* To do
The reply should be the records repeated exactly, without any images.

* Data section

::::::

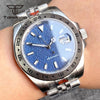 39MM Diver Tandorio TD229S NH35 Automatic Wristwatch Blue Sterile Dial Date Sapphire 10Bar 24H Fixed Bezel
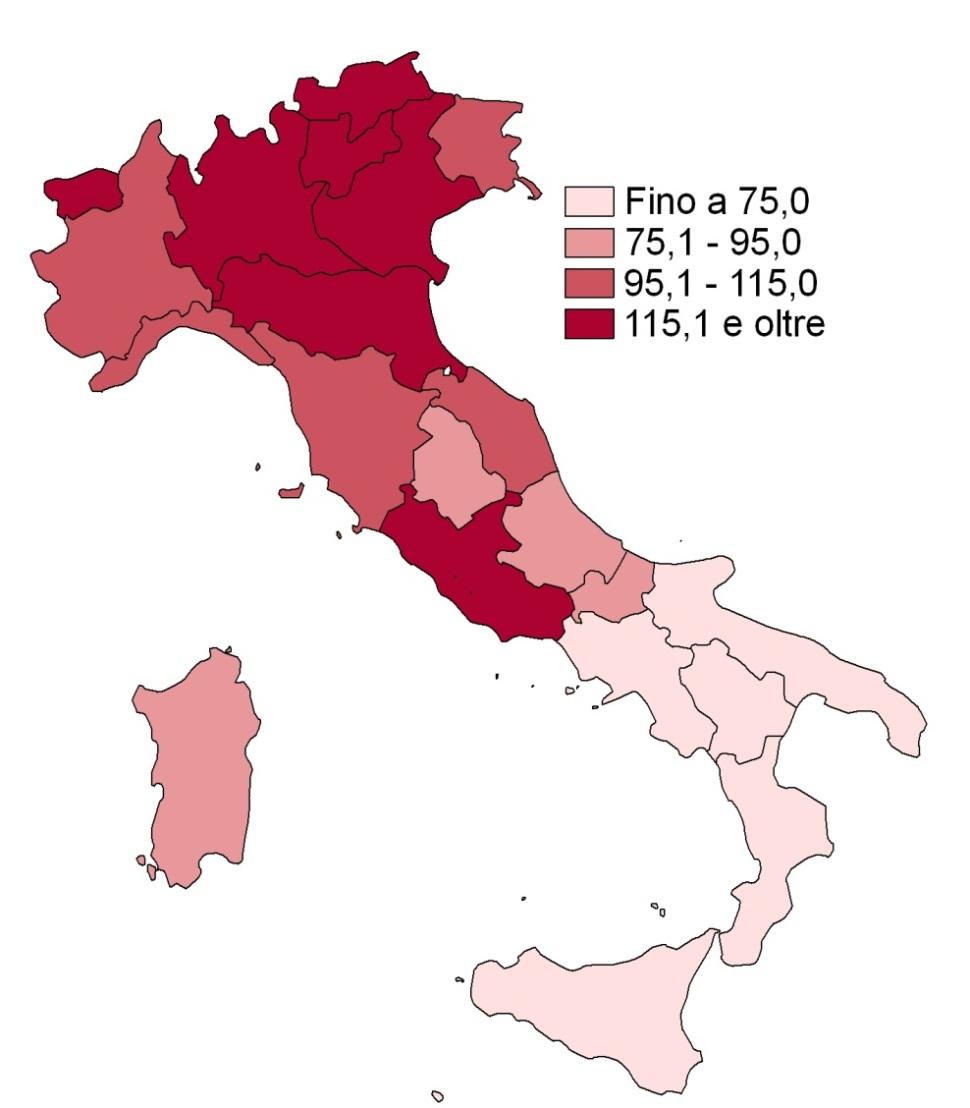 Sfide Disparità regionali - PIL Regioni Valori Piemonte 108.1 Valle d'aosta/vallée d'aoste 133.5 Lombardia 126.0 Liguria 105.0 Bolzano/Bozen 135.5 Trento 121.2 Veneto 115.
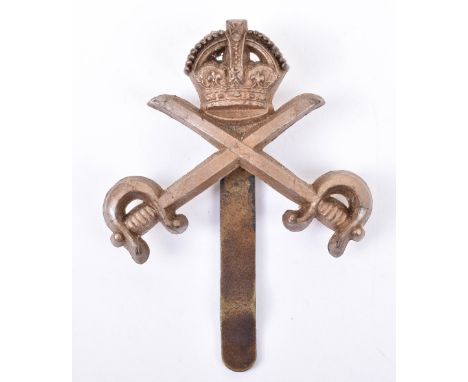 Rare WW2 Army Physical Training Corps War Economy Plastic Cap Badge, in light brown plastic with long slider fitting to the r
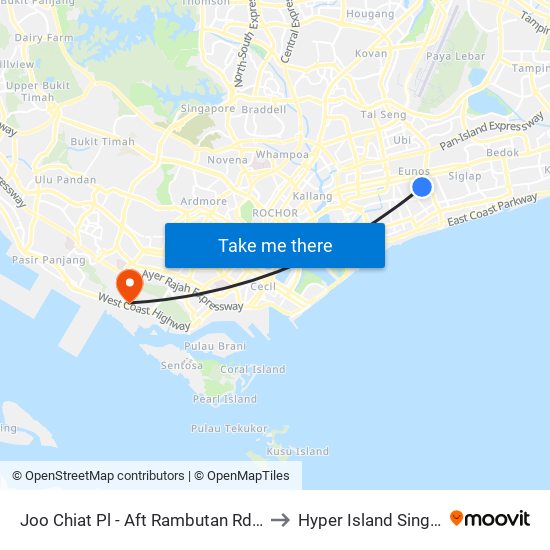 Joo Chiat Pl - Aft Rambutan Rd (82179) to Hyper Island Singapore map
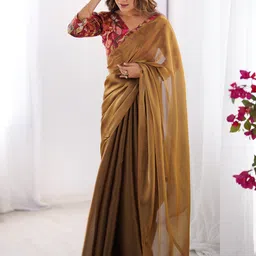 Kalista Solid Organza Saree with Tassels-picture-29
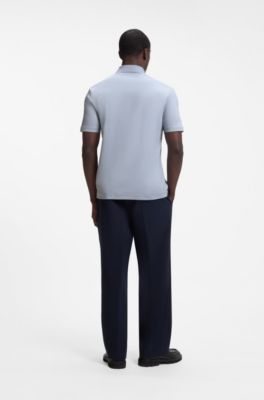Polo de algod&oacute;n mercerizado con monograma Double B, Celeste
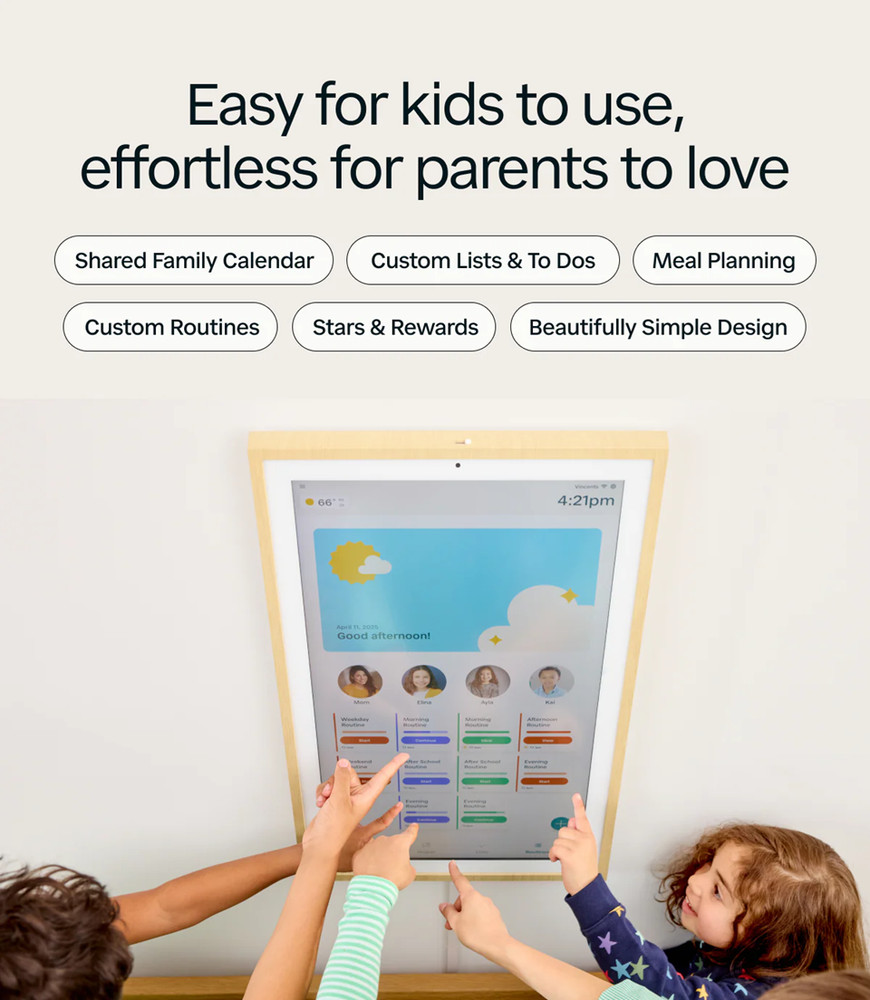 Hearth Display 27" Digital Calendar for Families, Interactive Touchscreen-WHITE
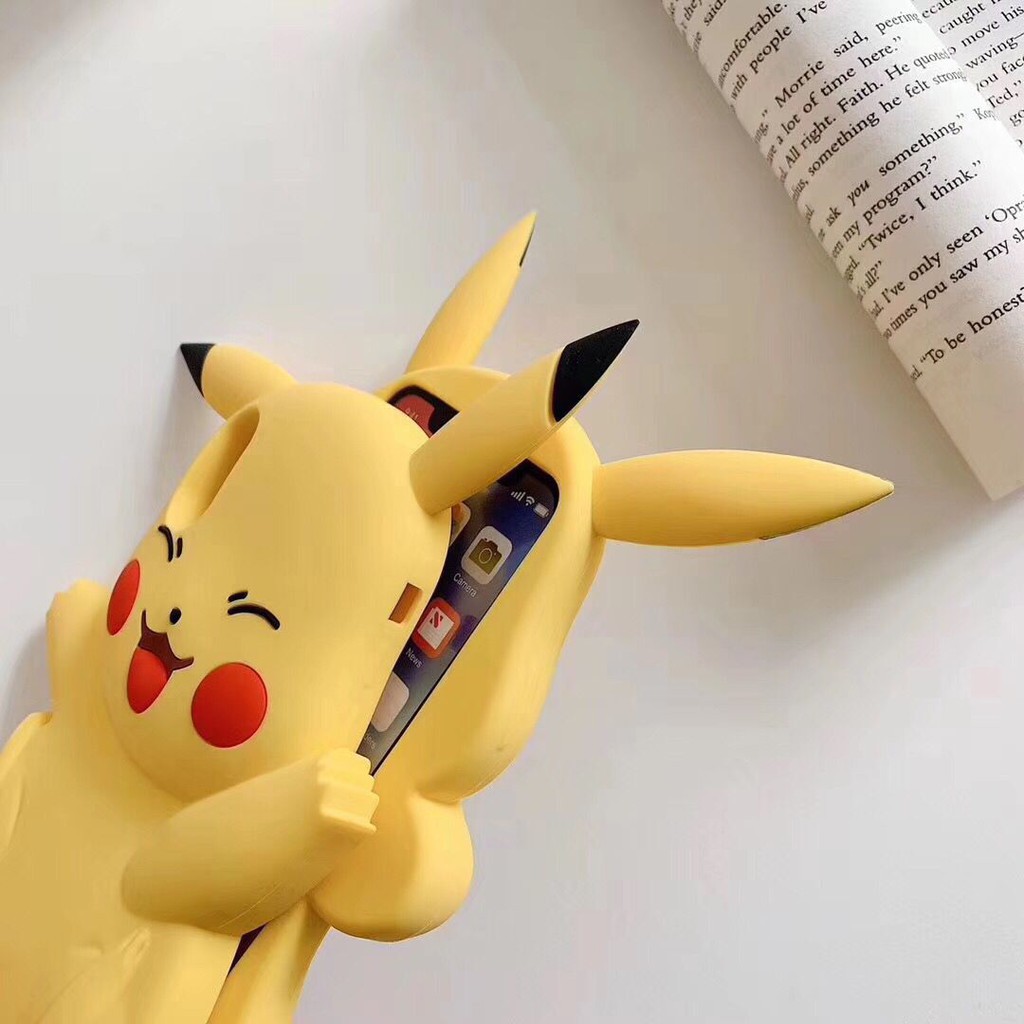 Cute 3D pikachu cartoon case for Iphone 6 6s plus 7 plus 8 plus x xs max xr 11 pro max silicone protective cover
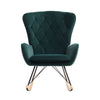 Dark Green Velvet Rocking Armchair Chair Lounge Swing Seat Metal Wooden Legs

::::::

* Response to this task
 39MM Diver Tandorio TD229S NH35 Automatic Wristwatch Blue Sterile Dial Date Sapphire 10Bar 24H Fixed Bezel
 Sfide Disparità regionali - PIL Regioni Valori Piemonte 108.1 Valle d'aosta/vallée d'aoste 133.5 Lombardia 126.0 Liguria 105.0 Bolzano/Bozen 135.5 Trento 121.2 Veneto 115.
 Rare WW2 Army Physical Training Corps War Economy Plastic Cap Badge, in light brown plastic with long slider fitting to the r
 Joo Chiat Pl - Aft Rambutan Rd (82179) to Hyper Island Singapore map
 Kalista Solid Organza Saree with Tassels-picture-29
Polo de algod&oacute;n mercerizado con monograma Double B, Celeste
 Hearth Display 27" Digital Calendar for Families, Interactive Touchscreen-WHITE
 Cute 3D pikachu cartoon case for Iphone 6 6s plus 7 plus 8 plus x xs max xr 11 pro max silicone protective cover
 Dark Green Velvet Rocking Armchair Chair Lounge Swing Seat Metal Wooden Legs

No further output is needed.